__YOUR OBJECTIVE__: Every record below should appear in your answer, copied exactly.

__EXTRACTED RECORDS__:
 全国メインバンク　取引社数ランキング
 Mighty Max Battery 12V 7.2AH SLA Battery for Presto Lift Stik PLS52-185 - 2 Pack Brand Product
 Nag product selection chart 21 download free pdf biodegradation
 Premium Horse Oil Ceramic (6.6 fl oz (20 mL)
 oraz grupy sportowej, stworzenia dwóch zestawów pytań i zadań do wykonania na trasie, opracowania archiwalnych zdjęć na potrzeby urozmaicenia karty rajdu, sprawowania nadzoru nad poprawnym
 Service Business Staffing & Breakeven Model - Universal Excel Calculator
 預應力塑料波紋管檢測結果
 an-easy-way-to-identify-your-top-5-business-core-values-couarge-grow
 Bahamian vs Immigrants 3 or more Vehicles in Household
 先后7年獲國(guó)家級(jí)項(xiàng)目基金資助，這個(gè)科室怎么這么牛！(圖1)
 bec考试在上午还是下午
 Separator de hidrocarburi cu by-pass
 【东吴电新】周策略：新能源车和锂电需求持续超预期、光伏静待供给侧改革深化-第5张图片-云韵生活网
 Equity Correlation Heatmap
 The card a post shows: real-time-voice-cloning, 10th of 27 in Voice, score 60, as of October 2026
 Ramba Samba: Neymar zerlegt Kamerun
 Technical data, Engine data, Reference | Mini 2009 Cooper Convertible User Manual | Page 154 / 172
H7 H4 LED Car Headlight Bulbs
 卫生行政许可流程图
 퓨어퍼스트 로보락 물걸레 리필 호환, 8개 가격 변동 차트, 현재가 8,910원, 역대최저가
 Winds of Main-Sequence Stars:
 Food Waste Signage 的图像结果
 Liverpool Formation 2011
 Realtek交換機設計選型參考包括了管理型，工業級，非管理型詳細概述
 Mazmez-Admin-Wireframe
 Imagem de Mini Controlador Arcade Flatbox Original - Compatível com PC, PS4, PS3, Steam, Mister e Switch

__OUTPUT FOR THIS EXERCISE__:
 全国メインバンク　取引社数ランキング
 Mighty Max Battery 12V 7.2AH SLA Battery for Presto Lift Stik PLS52-185 - 2 Pack Brand Product
 Nag product selection chart 21 download free pdf biodegradation
 Premium Horse Oil Ceramic (6.6 fl oz (20 mL)
 oraz grupy sportowej, stworzenia dwóch zestawów pytań i zadań do wykonania na trasie, opracowania archiwalnych zdjęć na potrzeby urozmaicenia karty rajdu, sprawowania nadzoru nad poprawnym
 Service Business Staffing & Breakeven Model - Universal Excel Calculator
 預應力塑料波紋管檢測結果
 an-easy-way-to-identify-your-top-5-business-core-values-couarge-grow
 Bahamian vs Immigrants 3 or more Vehicles in Household
 先后7年獲國(guó)家級(jí)項(xiàng)目基金資助，這個(gè)科室怎么這么牛！(圖1)
 bec考试在上午还是下午
 Separator de hidrocarburi cu by-pass
 【东吴电新】周策略：新能源车和锂电需求持续超预期、光伏静待供给侧改革深化-第5张图片-云韵生活网
 Equity Correlation Heatmap
 The card a post shows: real-time-voice-cloning, 10th of 27 in Voice, score 60, as of October 2026
 Ramba Samba: Neymar zerlegt Kamerun
 Technical data, Engine data, Reference | Mini 2009 Cooper Convertible User Manual | Page 154 / 172
H7 H4 LED Car Headlight Bulbs
 卫生行政许可流程图
 퓨어퍼스트 로보락 물걸레 리필 호환, 8개 가격 변동 차트, 현재가 8,910원, 역대최저가
 Winds of Main-Sequence Stars:
 Food Waste Signage 的图像结果
 Liverpool Formation 2011
 Realtek交換機設計選型參考包括了管理型，工業級，非管理型詳細概述
 Mazmez-Admin-Wireframe
 Imagem de Mini Controlador Arcade Flatbox Original - Compatível com PC, PS4, PS3, Steam, Mister e Switch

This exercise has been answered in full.